======== THE INPUT

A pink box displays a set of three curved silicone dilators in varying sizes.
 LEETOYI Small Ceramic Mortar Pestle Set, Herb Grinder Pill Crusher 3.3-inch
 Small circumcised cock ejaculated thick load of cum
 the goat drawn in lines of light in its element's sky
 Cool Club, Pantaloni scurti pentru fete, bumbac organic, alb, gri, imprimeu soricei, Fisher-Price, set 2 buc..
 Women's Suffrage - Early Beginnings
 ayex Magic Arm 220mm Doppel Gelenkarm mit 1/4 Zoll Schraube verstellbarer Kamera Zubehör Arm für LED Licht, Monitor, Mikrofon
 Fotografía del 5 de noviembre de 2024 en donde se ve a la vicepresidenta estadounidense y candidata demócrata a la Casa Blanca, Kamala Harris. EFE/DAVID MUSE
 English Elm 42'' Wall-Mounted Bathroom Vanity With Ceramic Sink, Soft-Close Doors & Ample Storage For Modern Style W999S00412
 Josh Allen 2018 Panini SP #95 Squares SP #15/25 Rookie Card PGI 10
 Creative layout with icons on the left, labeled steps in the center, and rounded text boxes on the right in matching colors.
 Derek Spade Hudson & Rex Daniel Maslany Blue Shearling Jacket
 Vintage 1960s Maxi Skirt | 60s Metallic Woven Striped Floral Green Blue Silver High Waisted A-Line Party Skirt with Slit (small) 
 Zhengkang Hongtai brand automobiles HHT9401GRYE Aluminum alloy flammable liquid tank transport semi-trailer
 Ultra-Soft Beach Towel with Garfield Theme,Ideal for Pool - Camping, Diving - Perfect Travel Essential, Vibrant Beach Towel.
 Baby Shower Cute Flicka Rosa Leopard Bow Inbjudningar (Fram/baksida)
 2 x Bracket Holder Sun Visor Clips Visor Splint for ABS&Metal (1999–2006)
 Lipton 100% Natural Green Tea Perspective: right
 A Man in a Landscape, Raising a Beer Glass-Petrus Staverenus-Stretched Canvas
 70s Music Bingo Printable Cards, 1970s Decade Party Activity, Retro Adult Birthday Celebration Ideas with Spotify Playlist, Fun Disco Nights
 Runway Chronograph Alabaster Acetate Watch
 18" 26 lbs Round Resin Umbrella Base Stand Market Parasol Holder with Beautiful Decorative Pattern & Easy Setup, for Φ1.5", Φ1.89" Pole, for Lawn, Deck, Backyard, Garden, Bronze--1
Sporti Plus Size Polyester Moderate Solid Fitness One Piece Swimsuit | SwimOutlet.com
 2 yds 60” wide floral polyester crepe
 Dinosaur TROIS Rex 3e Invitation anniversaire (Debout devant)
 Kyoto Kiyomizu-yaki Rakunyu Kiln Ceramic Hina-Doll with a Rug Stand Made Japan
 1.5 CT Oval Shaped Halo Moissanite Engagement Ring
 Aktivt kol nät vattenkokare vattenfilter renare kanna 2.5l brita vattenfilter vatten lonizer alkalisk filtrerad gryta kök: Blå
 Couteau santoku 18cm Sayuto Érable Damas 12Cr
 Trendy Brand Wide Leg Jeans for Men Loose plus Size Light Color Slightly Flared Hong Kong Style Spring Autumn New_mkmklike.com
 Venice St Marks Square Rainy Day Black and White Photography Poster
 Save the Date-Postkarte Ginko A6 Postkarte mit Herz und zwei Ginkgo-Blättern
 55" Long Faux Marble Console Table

================

EXERCISE DIRECTIONS -
Each line of the material is to be copied exactly.

REPLY TO THE EXERCISE -
A pink box displays a set of three curved silicone dilators in varying sizes.
 LEETOYI Small Ceramic Mortar Pestle Set, Herb Grinder Pill Crusher 3.3-inch
 Small circumcised cock ejaculated thick load of cum
 the goat drawn in lines of light in its element's sky
 Cool Club, Pantaloni scurti pentru fete, bumbac organic, alb, gri, imprimeu soricei, Fisher-Price, set 2 buc..
 Women's Suffrage - Early Beginnings
 ayex Magic Arm 220mm Doppel Gelenkarm mit 1/4 Zoll Schraube verstellbarer Kamera Zubehör Arm für LED Licht, Monitor, Mikrofon
 Fotografía del 5 de noviembre de 2024 en donde se ve a la vicepresidenta estadounidense y candidata demócrata a la Casa Blanca, Kamala Harris. EFE/DAVID MUSE
 English Elm 42'' Wall-Mounted Bathroom Vanity With Ceramic Sink, Soft-Close Doors & Ample Storage For Modern Style W999S00412
 Josh Allen 2018 Panini SP #95 Squares SP #15/25 Rookie Card PGI 10
 Creative layout with icons on the left, labeled steps in the center, and rounded text boxes on the right in matching colors.
 Derek Spade Hudson & Rex Daniel Maslany Blue Shearling Jacket
 Vintage 1960s Maxi Skirt | 60s Metallic Woven Striped Floral Green Blue Silver High Waisted A-Line Party Skirt with Slit (small) 
 Zhengkang Hongtai brand automobiles HHT9401GRYE Aluminum alloy flammable liquid tank transport semi-trailer
 Ultra-Soft Beach Towel with Garfield Theme,Ideal for Pool - Camping, Diving - Perfect Travel Essential, Vibrant Beach Towel.
 Baby Shower Cute Flicka Rosa Leopard Bow Inbjudningar (Fram/baksida)
 2 x Bracket Holder Sun Visor Clips Visor Splint for ABS&Metal (1999–2006)
 Lipton 100% Natural Green Tea Perspective: right
 A Man in a Landscape, Raising a Beer Glass-Petrus Staverenus-Stretched Canvas
 70s Music Bingo Printable Cards, 1970s Decade Party Activity, Retro Adult Birthday Celebration Ideas with Spotify Playlist, Fun Disco Nights
 Runway Chronograph Alabaster Acetate Watch
 18" 26 lbs Round Resin Umbrella Base Stand Market Parasol Holder with Beautiful Decorative Pattern & Easy Setup, for Φ1.5", Φ1.89" Pole, for Lawn, Deck, Backyard, Garden, Bronze--1
Sporti Plus Size Polyester Moderate Solid Fitness One Piece Swimsuit | SwimOutlet.com
 2 yds 60” wide floral polyester crepe
 Dinosaur TROIS Rex 3e Invitation anniversaire (Debout devant)
 Kyoto Kiyomizu-yaki Rakunyu Kiln Ceramic Hina-Doll with a Rug Stand Made Japan
 1.5 CT Oval Shaped Halo Moissanite Engagement Ring
 Aktivt kol nät vattenkokare vattenfilter renare kanna 2.5l brita vattenfilter vatten lonizer alkalisk filtrerad gryta kök: Blå
 Couteau santoku 18cm Sayuto Érable Damas 12Cr
 Trendy Brand Wide Leg Jeans for Men Loose plus Size Light Color Slightly Flared Hong Kong Style Spring Autumn New_mkmklike.com
 Venice St Marks Square Rainy Day Black and White Photography Poster
 Save the Date-Postkarte Ginko A6 Postkarte mit Herz und zwei Ginkgo-Blättern
 55" Long Faux Marble Console Table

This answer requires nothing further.